Associação Latino-americana de Ensino e Investigação em Serviço Social

No âmbito do Serviço Social, nos vemos com a necessidade de fortalecer as relações políticas entre os países da região e há deliberações importantes na agenda de Relações Internacionais do Conjunto CFESS-CRESS por mais articulação com a Federação Internacional de Assistentes Sociais (Fits) e o Comitê Latino-americano e Caribenho de Organizações Profissionais de Serviço Social (Colacats).

O Serviço Social brasileiro, assim como o do restante da América Latina, é único e especial: o legado do movimento de reconceituação e de ruptura com o conservadorismo proporcionou as bases para construir uma identidade para profissão que subverte a hegemonia do capital e cria valores, intencionalidades e compromissos. Expressão disso é o Projeto Ético-Político do Serviço Social brasileiro estar mais vivo e necessário que nunca. É espetacular o que criamos enquanto profissão e nos orgulha inspirar colegas no Cone Sul, África, Europa etc.

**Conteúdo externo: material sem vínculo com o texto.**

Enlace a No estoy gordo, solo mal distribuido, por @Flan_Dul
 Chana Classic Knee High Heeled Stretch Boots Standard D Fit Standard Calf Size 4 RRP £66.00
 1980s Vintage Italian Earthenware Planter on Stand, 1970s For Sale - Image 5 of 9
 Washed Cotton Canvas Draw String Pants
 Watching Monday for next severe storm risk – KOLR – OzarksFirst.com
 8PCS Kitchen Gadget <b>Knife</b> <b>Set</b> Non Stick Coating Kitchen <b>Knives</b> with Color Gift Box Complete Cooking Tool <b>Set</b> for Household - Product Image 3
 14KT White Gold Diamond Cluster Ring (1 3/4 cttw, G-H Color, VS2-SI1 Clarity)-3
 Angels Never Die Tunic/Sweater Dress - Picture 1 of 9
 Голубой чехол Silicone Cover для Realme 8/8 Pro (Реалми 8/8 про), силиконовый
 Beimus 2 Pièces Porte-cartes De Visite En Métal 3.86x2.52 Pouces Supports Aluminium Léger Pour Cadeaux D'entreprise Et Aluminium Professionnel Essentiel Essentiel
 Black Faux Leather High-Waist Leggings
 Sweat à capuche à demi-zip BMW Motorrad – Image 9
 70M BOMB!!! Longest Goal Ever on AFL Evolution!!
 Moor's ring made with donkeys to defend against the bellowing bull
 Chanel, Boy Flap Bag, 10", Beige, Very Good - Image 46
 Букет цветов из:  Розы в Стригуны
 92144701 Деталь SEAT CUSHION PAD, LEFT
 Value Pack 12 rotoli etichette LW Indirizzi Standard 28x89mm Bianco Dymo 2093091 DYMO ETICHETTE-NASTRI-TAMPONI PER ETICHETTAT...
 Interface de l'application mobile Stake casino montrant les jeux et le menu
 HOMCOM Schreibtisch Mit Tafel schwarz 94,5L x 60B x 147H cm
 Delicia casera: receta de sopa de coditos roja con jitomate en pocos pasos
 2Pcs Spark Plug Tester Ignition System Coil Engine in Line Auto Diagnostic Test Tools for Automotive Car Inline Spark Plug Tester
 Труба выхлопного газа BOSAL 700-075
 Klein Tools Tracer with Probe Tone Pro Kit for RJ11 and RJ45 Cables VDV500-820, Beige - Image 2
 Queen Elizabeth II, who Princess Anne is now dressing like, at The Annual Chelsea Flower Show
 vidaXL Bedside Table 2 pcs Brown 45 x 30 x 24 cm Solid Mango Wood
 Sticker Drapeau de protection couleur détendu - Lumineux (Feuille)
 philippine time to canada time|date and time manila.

Com a realização do 24º Seminário Latinoamericano da Alaeits, em 2025, na cidade de Santiago, no Chile, as minhas expectativas giram em torno de algo que Saramago, escritor português, disse e tem me ajudado a compreender e a ver o nosso Serviço Social de forma diferente: “É preciso sair da ilha para ver a ilha. Não nos vemos se não saímos de nós”. Então, essa aproximação e a tentativa de construir uma identidade para o Serviço Social no continente assentado na defesa intransigente dos direitos humanos, da democracia, criar estratégias contra o avanço do neoconservadorismo e de análises endógenas do Serviço Social de forma a sintonizar a profissão com as lutas sociais é algo importante e necessário.

* Abya-Yala é uma expressão originária do idioma kuna para designar o território conhecido como “continente americano” e significa “terra viva” ou “terra que floresce”.